AIM OF THE TASK: Scan the entries for the word "Silk" and return every line that has it.
Content starts
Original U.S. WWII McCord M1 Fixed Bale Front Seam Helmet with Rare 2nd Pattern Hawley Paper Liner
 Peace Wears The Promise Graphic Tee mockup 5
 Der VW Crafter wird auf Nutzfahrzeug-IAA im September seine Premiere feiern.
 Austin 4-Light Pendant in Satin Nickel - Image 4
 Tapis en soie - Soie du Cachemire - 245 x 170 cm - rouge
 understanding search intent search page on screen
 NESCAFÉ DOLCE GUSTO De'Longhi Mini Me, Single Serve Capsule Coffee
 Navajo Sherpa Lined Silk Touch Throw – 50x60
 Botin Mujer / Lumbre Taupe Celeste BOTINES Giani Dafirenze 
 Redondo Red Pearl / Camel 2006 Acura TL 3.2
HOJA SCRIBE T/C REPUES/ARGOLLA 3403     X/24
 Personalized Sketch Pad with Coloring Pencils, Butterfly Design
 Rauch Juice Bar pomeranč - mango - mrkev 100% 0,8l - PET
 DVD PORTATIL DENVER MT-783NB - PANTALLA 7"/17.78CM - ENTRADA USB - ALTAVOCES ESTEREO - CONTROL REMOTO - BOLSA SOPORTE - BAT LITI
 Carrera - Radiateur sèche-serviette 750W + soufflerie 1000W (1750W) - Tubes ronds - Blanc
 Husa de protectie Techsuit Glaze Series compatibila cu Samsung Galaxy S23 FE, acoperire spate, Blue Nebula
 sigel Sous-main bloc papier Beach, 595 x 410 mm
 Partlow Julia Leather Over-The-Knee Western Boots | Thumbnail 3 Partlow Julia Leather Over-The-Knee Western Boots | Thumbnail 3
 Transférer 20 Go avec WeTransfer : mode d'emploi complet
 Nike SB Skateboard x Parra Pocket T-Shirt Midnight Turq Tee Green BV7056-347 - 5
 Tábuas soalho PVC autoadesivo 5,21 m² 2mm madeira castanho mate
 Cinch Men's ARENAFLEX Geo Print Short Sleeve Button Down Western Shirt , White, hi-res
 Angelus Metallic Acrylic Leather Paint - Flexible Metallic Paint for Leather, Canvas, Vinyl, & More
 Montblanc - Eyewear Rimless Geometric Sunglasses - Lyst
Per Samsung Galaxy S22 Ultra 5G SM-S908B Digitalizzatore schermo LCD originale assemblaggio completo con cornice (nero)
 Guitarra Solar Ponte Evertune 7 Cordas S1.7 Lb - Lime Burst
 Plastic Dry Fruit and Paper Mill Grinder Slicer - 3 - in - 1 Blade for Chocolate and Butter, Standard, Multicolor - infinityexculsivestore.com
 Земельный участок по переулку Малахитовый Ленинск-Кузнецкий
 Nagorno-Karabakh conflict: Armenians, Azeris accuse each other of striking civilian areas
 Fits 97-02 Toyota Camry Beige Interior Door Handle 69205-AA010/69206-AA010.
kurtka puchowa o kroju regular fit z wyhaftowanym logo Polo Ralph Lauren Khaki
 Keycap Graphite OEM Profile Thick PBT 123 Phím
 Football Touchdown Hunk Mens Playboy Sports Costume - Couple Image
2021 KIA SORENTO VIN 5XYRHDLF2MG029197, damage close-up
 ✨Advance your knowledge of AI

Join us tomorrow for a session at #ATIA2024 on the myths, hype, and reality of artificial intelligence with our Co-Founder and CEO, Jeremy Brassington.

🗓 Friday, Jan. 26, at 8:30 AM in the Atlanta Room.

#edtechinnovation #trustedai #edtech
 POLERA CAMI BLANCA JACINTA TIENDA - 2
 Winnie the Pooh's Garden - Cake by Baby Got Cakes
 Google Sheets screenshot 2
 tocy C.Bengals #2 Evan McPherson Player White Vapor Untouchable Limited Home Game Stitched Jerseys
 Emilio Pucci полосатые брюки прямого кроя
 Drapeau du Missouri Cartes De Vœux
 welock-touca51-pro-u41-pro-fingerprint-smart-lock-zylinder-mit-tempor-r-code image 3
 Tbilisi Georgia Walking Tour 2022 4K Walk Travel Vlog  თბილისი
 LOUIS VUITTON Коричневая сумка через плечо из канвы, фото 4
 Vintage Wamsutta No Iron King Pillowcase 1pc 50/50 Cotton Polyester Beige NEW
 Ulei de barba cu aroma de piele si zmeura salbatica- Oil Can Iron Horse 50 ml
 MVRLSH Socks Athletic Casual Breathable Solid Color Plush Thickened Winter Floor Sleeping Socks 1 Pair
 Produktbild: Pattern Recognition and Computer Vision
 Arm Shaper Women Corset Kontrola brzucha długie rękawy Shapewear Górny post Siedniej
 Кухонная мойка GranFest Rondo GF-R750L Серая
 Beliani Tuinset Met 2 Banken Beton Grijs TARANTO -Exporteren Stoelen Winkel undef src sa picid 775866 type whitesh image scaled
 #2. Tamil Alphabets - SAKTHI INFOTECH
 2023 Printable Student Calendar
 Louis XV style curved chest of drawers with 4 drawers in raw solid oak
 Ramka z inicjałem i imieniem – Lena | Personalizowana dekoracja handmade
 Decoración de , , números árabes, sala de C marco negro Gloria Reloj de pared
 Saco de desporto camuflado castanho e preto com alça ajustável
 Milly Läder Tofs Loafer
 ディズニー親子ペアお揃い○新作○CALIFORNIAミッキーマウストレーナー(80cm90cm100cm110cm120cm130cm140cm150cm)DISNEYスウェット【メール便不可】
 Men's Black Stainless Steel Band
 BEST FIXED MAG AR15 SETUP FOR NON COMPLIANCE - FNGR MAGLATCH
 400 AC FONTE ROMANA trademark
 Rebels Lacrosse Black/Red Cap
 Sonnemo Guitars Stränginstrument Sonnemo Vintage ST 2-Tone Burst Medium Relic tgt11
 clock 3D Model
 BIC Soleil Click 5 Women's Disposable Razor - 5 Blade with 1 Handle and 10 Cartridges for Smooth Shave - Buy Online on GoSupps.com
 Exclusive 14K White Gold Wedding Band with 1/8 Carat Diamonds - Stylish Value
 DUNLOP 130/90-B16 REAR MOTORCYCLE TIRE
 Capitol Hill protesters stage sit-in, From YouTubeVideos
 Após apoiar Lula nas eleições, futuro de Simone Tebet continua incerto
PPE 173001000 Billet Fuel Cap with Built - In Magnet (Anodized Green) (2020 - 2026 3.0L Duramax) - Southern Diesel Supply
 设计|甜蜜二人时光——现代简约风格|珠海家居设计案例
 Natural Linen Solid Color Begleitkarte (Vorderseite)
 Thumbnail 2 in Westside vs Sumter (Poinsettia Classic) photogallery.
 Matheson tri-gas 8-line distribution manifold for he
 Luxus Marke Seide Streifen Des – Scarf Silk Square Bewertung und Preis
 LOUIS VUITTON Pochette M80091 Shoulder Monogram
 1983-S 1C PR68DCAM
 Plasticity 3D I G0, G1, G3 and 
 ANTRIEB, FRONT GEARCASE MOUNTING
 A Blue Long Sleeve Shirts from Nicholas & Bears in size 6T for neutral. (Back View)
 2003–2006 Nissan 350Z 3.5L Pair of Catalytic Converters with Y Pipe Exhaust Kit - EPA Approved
Content ends
OUTPUT FOR THIS TASK:
 Navajo Sherpa Lined Silk Touch Throw – 50x60
 Luxus Marke Seide Streifen Des – Scarf Silk Square Bewertung und Preis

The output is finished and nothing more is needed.